Il Ministero delle Finanze ha dichiarato che le vendite regolari di valuta estera sul mercato ammonteranno a 160,2 miliardi di rubli (2,28 miliardi di dollari) nel corso del prossimo mese. Un sondaggio Reuters tra gli analisti aveva previsto un totale di 79,75 miliardi di rubli.

Tra il 13 gennaio e il 6 febbraio, il Ministero aveva previsto di vendere 54,5 miliardi di rubli di yuan, per compensare i minori introiti di petrolio e gas.

La Russia ha interrotto gli interventi valutari l'anno scorso, quando i Paesi occidentali hanno imposto ampie sanzioni contro Mosca, tra cui il congelamento di circa 300 miliardi di dollari di riserve valutarie, dopo aver lanciato quella che definisce l'operazione militare speciale in Ucraina.

Il Governo effettua interventi valutari per coprire le carenze - o accumulare riserve nel caso di un'eccedenza - nei guadagni derivanti dalle esportazioni di petrolio e gas, di importanza vitale per Mosca.

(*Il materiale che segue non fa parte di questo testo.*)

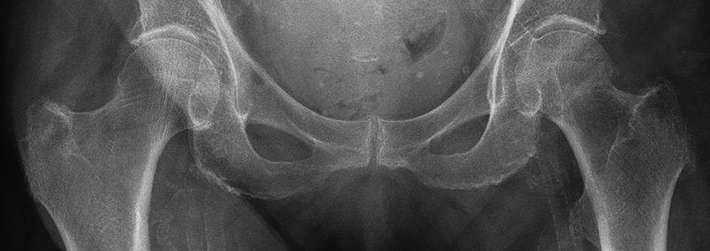 Lack of evidence on how to care for hip fracture patients with dementia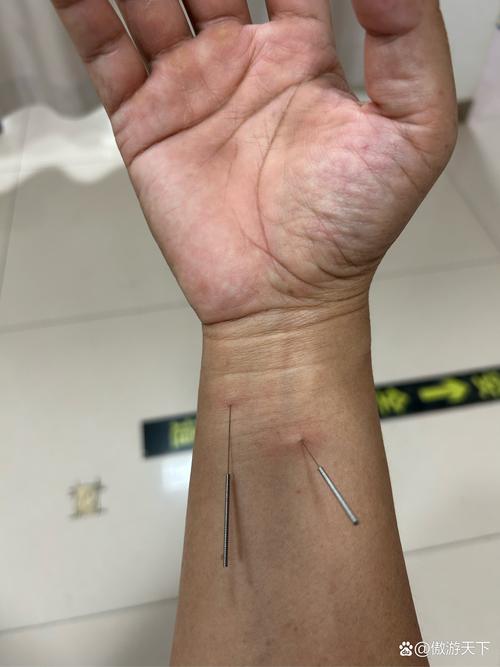 针灸治疗手指类风湿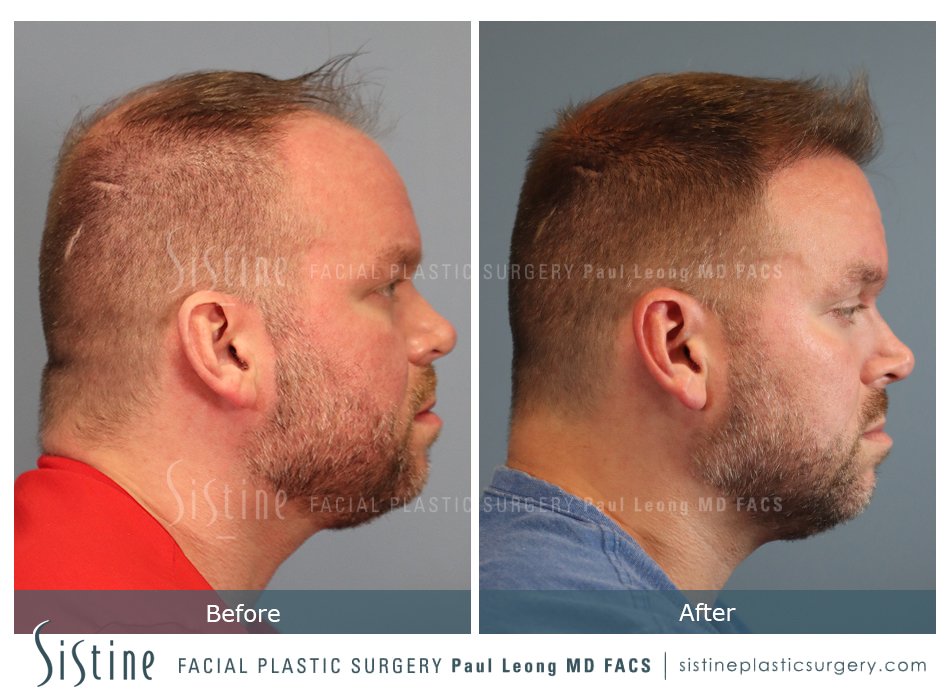 Hair Transplant Before and After 04 | Sistine Facial Plastic Surgery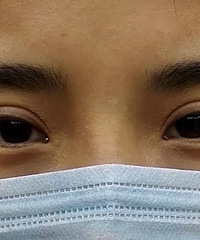 双眼皮修复半年后反馈,终于没有惹人烦的肉条感了!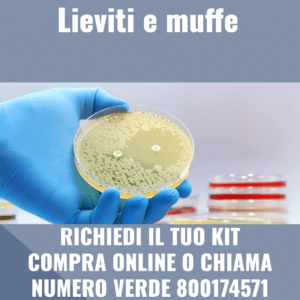 Lieviti e muffe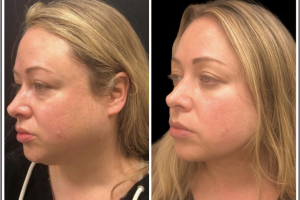 40-y.o-female-who-underwent-liposculpting-of-her-chin-and-neck-140-y.o-female-who-underwent-liposculpting-of-her-chin-and-neck-1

Il Ministero delle Finanze ha dichiarato di aver ricevuto 52,1 miliardi di rubli (741 milioni di dollari) in entrate dalle vendite di petrolio e gas a gennaio, meno di quanto previsto, citando i minori dazi sulle esportazioni di gas durante il mese.

In Russia, dove il dollaro è stato il re per anni dopo il crollo dell'Unione Sovietica nel 1991, lo yuan è diventato un attore importante da quando Mosca ha inviato decine di migliaia di truppe in Ucraina lo scorso febbraio.

Il Ministero delle Finanze russo non può effettuare transazioni in dollari ed euro, citando lo yuan cinese come unica alternativa.